An exact copy of each line below is needed, with no images in it.

[[ Material provided open ]]

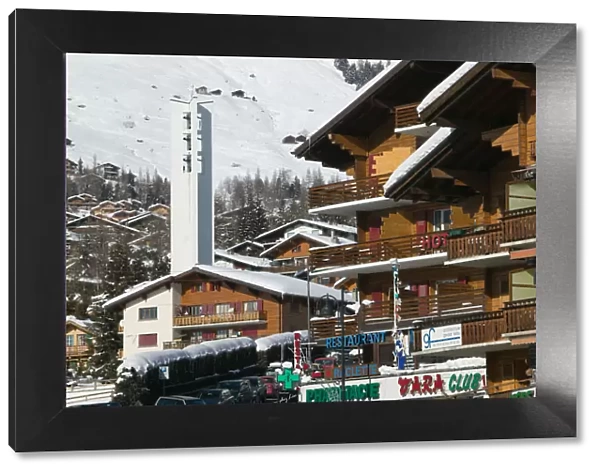 SWITZERLAND-Wallis  /  Valais-VERBIER: Ski Resort  /  Winter Town View with Verbier-Station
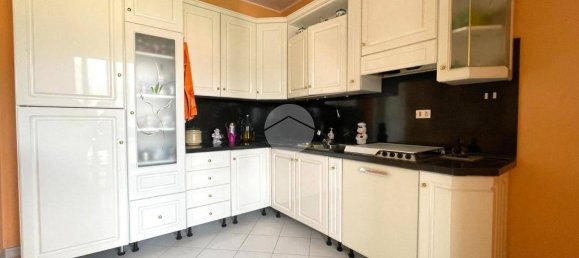 2 bedrooms Apartment in Terni, Italy No. 305782 4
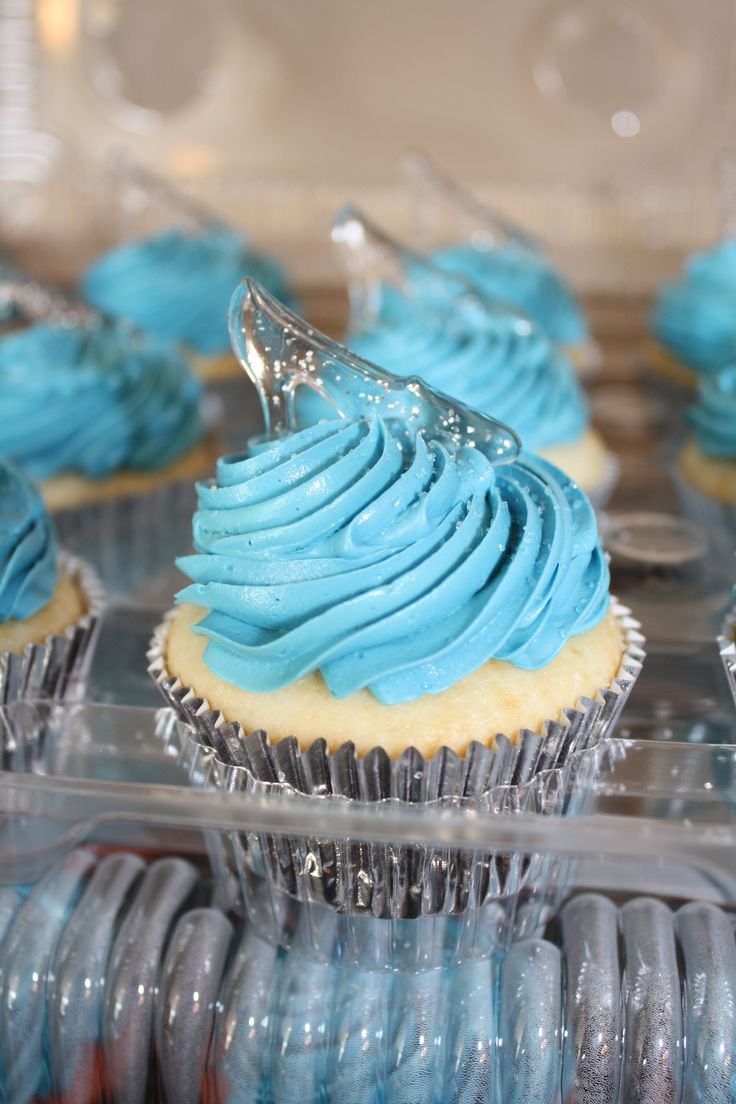 Cinderella Cupcake Cake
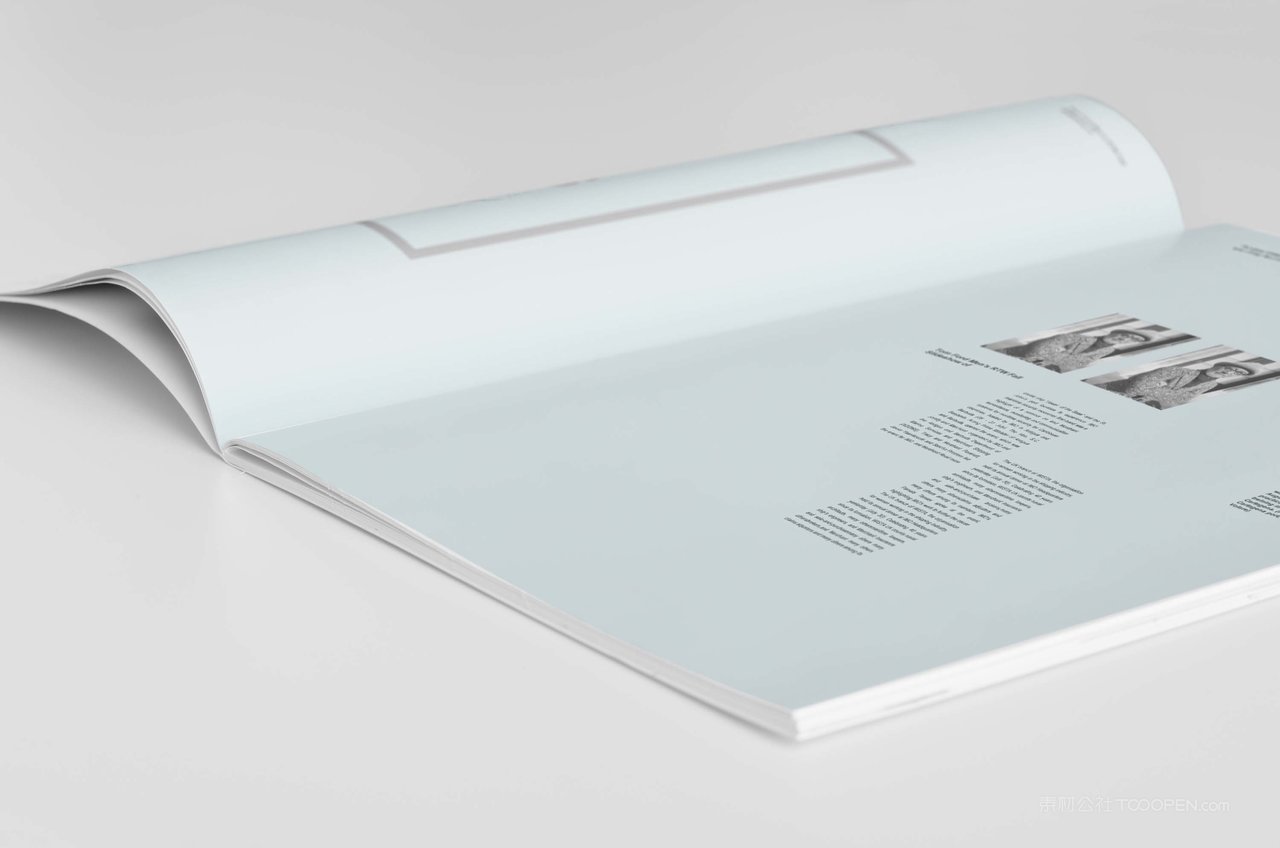 打开的书籍画册贴图样机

[[ Material provided closed ]]

-- Written response --
 SWITZERLAND-Wallis  /  Valais-VERBIER: Ski Resort  /  Winter Town View with Verbier-Station
 2 bedrooms Apartment in Terni, Italy No. 305782 4
 Cinderella Cupcake Cake
 打开的书籍画册贴图样机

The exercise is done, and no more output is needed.